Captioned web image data
★ ★ ★ ★ ★ ★ ★

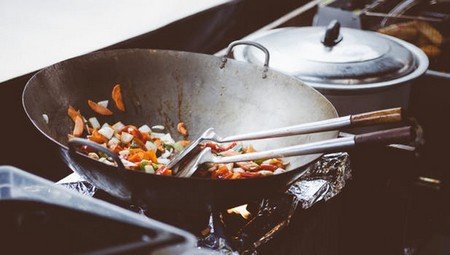 Nonstick cookware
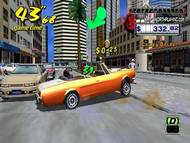 Crazy Taxi: Fare Wars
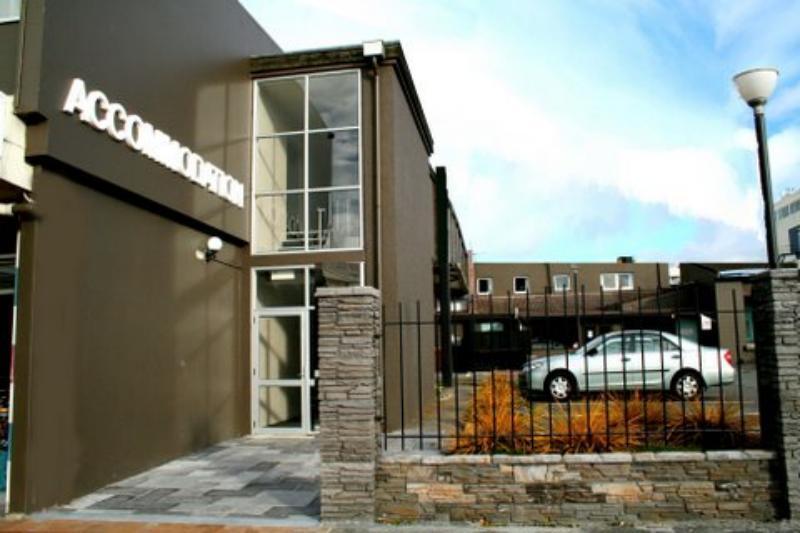The Grand Treasure Hotel Rotorua Luaran gambar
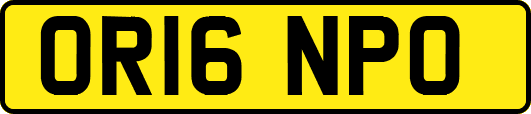 OR16NPO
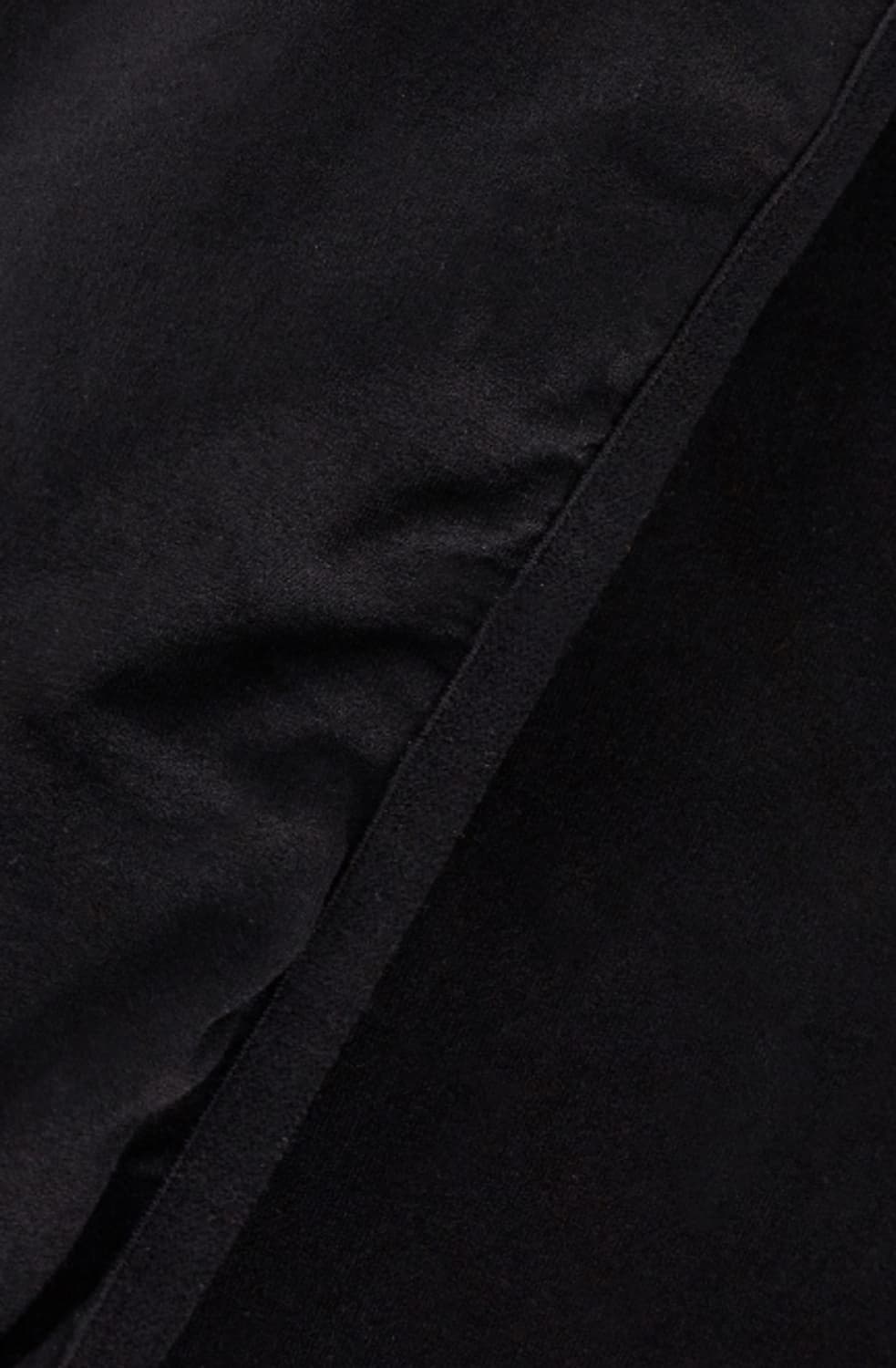 Andreaadamo 컷아웃디테일 스트레치 원피스 블랙 상품이미지4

★ ★ ★ ★ ★ ★ ★

Requirement: Leave out the images and transcribe all the records exactly.

Answer for the task:
 Nonstick cookware
 Crazy Taxi: Fare Wars
The Grand Treasure Hotel Rotorua Luaran gambar
 OR16NPO
 Andreaadamo 컷아웃디테일 스트레치 원피스 블랙 상품이미지4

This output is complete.